◆ **Action item**
Show all lines below holding the string "with".

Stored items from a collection
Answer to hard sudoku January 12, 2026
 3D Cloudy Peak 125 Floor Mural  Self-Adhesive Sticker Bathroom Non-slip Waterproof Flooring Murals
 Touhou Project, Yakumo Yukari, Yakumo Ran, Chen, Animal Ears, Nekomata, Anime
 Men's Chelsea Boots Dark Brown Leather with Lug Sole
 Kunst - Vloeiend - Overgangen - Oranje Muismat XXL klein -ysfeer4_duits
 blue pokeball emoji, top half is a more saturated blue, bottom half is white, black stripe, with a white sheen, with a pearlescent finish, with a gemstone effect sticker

◆ **Answer**
 Men's Chelsea Boots Dark Brown Leather with Lug Sole
 blue pokeball emoji, top half is a more saturated blue, bottom half is white, black stripe, with a white sheen, with a pearlescent finish, with a gemstone effect sticker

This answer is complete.